Corey Lewandowski on Sunday used the recent White House personnel shake-up as an opportunity to push for incoming Chief of Staff John Kelly to fire an Obama-era appointee who oversees the Consumer Financial Protection Bureau (CFPB).

“I think the general should re-look at firing Richard Cordray, the CFPB, he is a person who is now all but running for governor in the state of Ohio and he’s sitting in federal office right now,” the former Trump campaign manager said on NBC’s “Meet the Press with Chuck Todd.”

“I think this general as chief of staff, is going to come in and put a fresh set of eyes on the inner-workings of the White House and making sure the president’s agenda moves,” said Lewandowski, who serves as an outside adviser to President Trump.

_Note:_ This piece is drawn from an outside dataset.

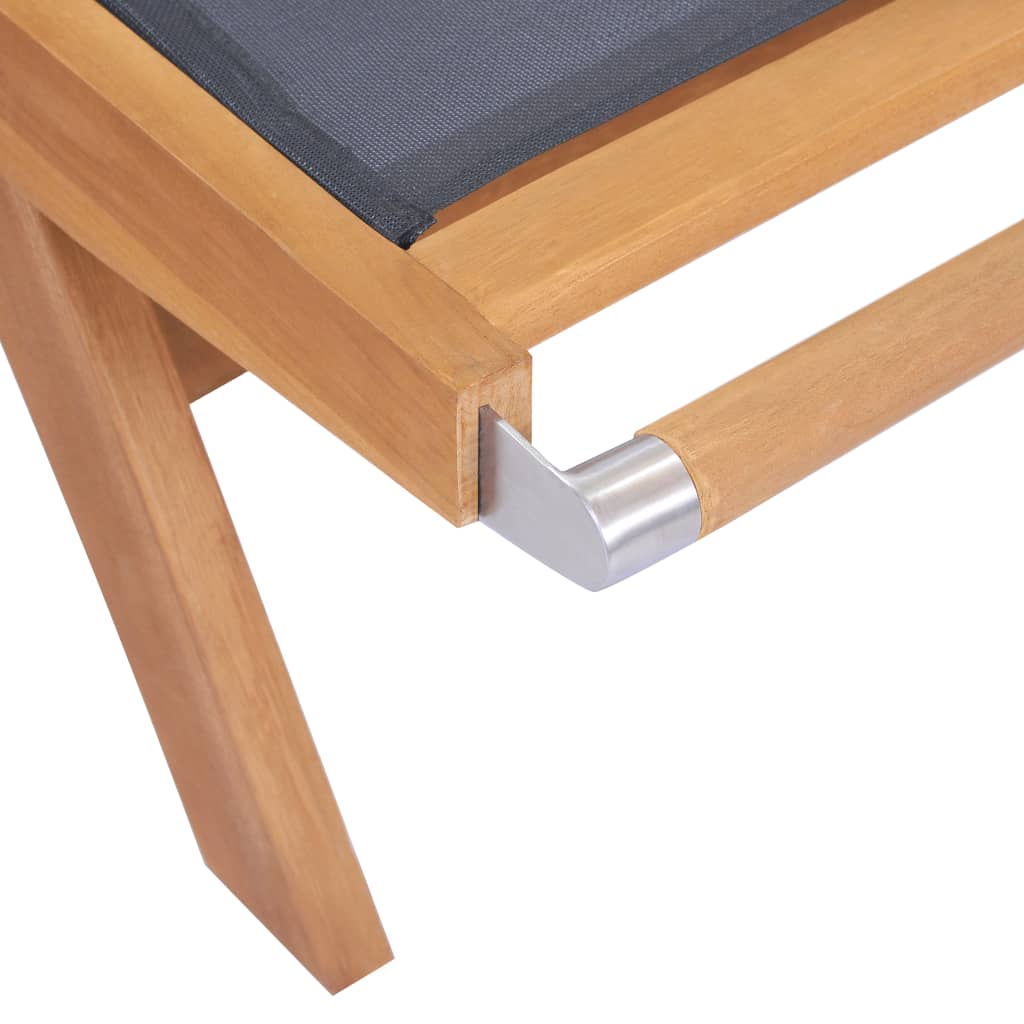Silla larga plegable con ruedas de teca sólida y textileno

The CFPB isn’t technically a cabinet level department, but rather an “independent” agency, falling under the umbrella of the Fed, with a vaguely defined connection to the Treasury Department. Given the impact that it can have on policy as it pertains to things like credit card regulation, student loans, investment capital and a host of other concerns, it’s not a minor position. The agency also recently enacted rules regarding how customers can engage with and bring lawsuits against banks which will lead to mountains of litigation and has seen serious opposition in the House.

You can understand how, after more than six months of an administration, some people are wondering how Cordray is still in charge over there. He’s an Obama ally and a hot prospect for the Democratic Party who, as I mentioned above, is most likely about to start running for Governor of Ohio. That will give him all the more reason (and opportunity) to cast stones at the President even while working inside of his administration. Beyond that, his personal goals in terms of the responsibilities of the CFPB (assuming you believe that agency should have ever been created in the first place) are sharply out of step with conservative priorities.

But can Trump actually just fire Cordray? While the provisions are being challenged in court, the charter for the CFPB as set up by the Dodd-Frank Act says that it’s an independent agency and the President can’t remove him without cause. And determining “cause” can be a tricky battle, allowing for an appeal and a messy fight. Not that Trump has shown any aversion to high profile domestic disputes inside his administration, but he also no doubt wants to know that he can win before entering the arena.

Getting rid of Cordray (and the entire bureau while we’re at it) is a sound idea on paper, but it’s going to be a significant hill to climb. Don’t be surprised if the President leaves this one on the back burner for the time being.